A Geórgia pediu ainda aos Estados Unidos que façam a mediação da crise com a Rússia, acrescentou. “Pedimos à secretária de Estado americana, Condoleezza Rice, que sirva de mediadora com os russos, e que lhes transmita a nossa mensagem”, declarou Lomaia.
Este anúncio de retirada por parte de Tbilissi acontece no mesmo dia em que a Rússia anunciou que os seus barcos de guerra chegaram “ao limite das águas territoriais da Geórgia”, anunciou uma fonte militar russa citada pela agência RIA-Novosti, confirmando informações avançadas num primeiro momento por fontes georgianas.
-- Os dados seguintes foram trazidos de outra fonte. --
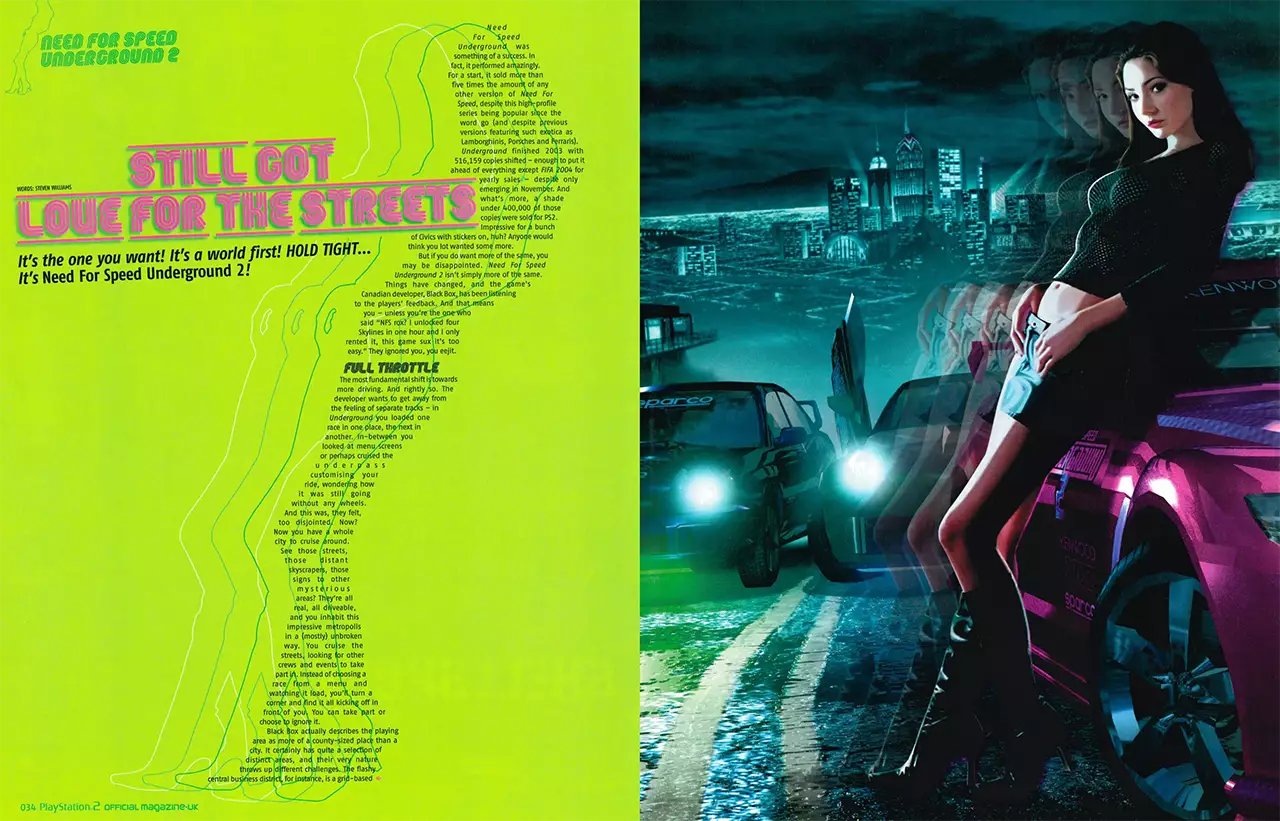 极品飞车 8：地下狂飙 2-Need for Speed: Underground 2-游戏截图-好玩游戏库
Com a disposição dos navios de guerra ao longo das fronteiras marítimas da Geórgia, a frota russa instaurou um bloqueio com o objectivo de impedir os georgianos de receberem armas.
Paralelamente, dez mil soldados russos suplementares foram enviados para a Geórgia nas últimas horas, avançou hoje Tbilissi em comunicado. Seis mil desses militares entraram na noite de hoje na república separatista pelo túnel de Roki, a partir da república russa da Ossétia do Norte, segundo um comunicado georgiano. A coluna militar compreendia 90 carros de combate, 150 blindados de transporte de tropas e 250 peças de artilharia, indicou ainda o governo.